Ethiopian Airlines Pilots Allegedly Fall Asleep Mid-Flight, Miss Landing

You shouldn’t fly over your destination airport at 37,000 feet.

byVictoria Scott|
Culture photo
Alan Wilson via, used under CC BY-SA 2.0

It's not an unheard-of occurrence, but it's still not my favorite thing to hear as a commercial airline passenger. According to the Aviation Herald, the entire crew of Ethiopian Airlines flight ET-343 has been accused of falling asleep after going radio-silent and missing their destination airport entirely. This happened during an early-morning flight over eastern Africa on Monday.

The flight was on a Boeing 737-800 from Khartoum, Sudan (KRT) to Addis Ababa, Ethiopia (ADD) on a red-eye schedule with take-off at 3:27 am local time in Sudan.

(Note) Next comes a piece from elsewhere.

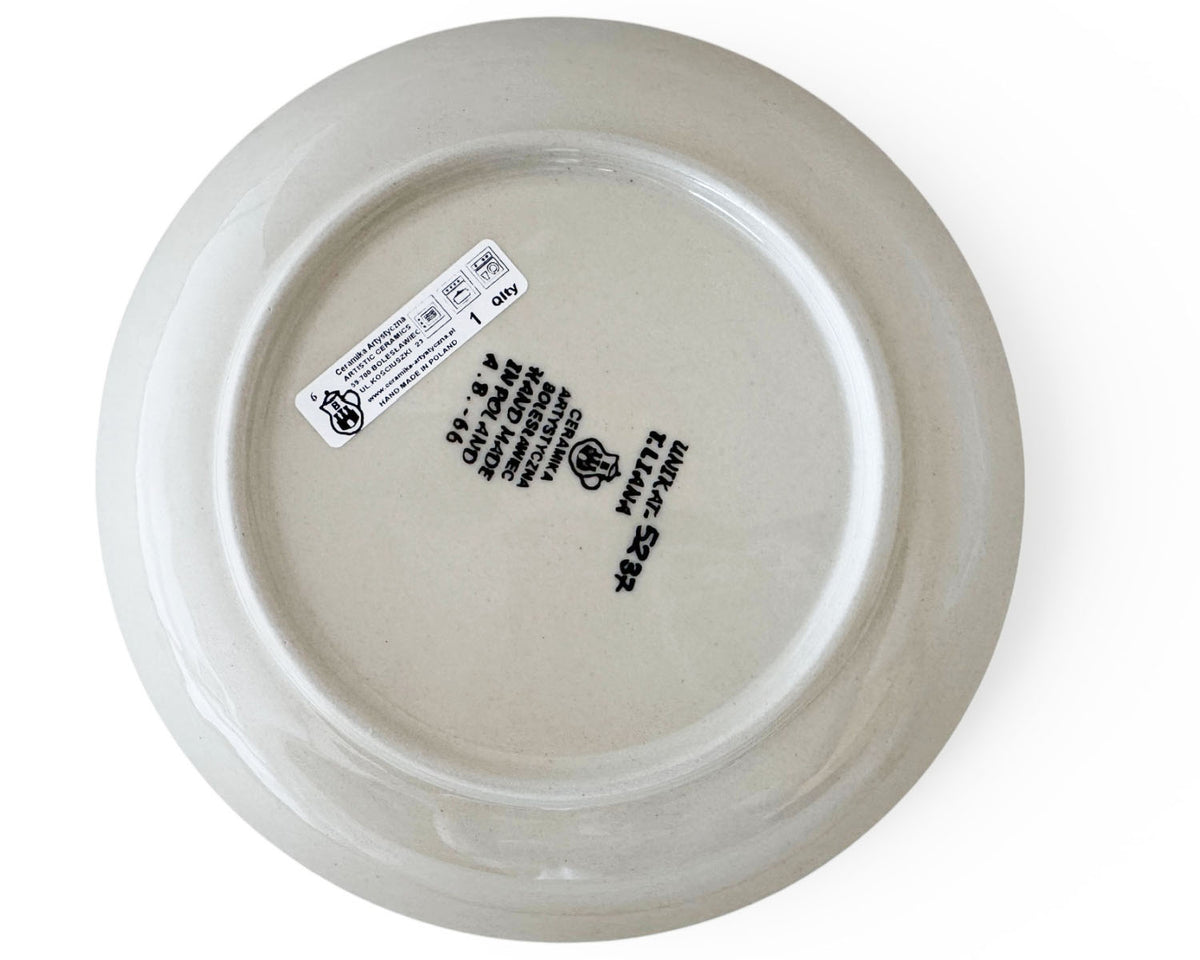 Unikat 8" Plate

As it approached KRT, it stayed at cruising altitude, despite banking to fly over the runway it was intended to land on. The plane flew over the airport still at 37,000 feet as air-traffic control tried in vain to contact the crew. The 737 continued flying until autopilot disconnected and the warning alarm went off, at which point the pilots reportedly woke up and re-established contact with ATC. The pilots took back manual control and went around ADD, lining up for a successful—and somehow still on-time—landing. The above ADS-B log from FlightAware shows the plane's path directly over the runway at cruising altitude, and the subsequent repositioning to actually land.


Ethiopian Airlines released a statement acknowledging the incident, stating the crew was "removed from operation" pending an investigation, but stopped short of saying that the pilots were definitely asleep. Still, the plane itself was back in the air flying another route within two and a half hours, so it's hard to believe it was a mechanical failure of some kind. This likely leaves pilot error as the cause; and a review of the cockpit recorder for any snoring will likely allow for a more definitive answer.

An Ethiopian Airlines flight crashed in March 2019, killing all 157 people onboard. The African airline's position since day one has been that a factory flaw with the Boeing 737 Max (not the same plane involved in the recent incident) is to blame for the deadly crash, despite authorities claiming a number of other factors are also to blame.

Pilots falling asleep on the flight deck is usually not a common occurrence, but this is the second story I've reported on about pilots falling asleep mid-air in just two months. And as pilot shortages get ever-more-dire and existing crews work to the point of exhaustion, it's likely there will be more stories like this without serious changes from airlines or aviation agencies.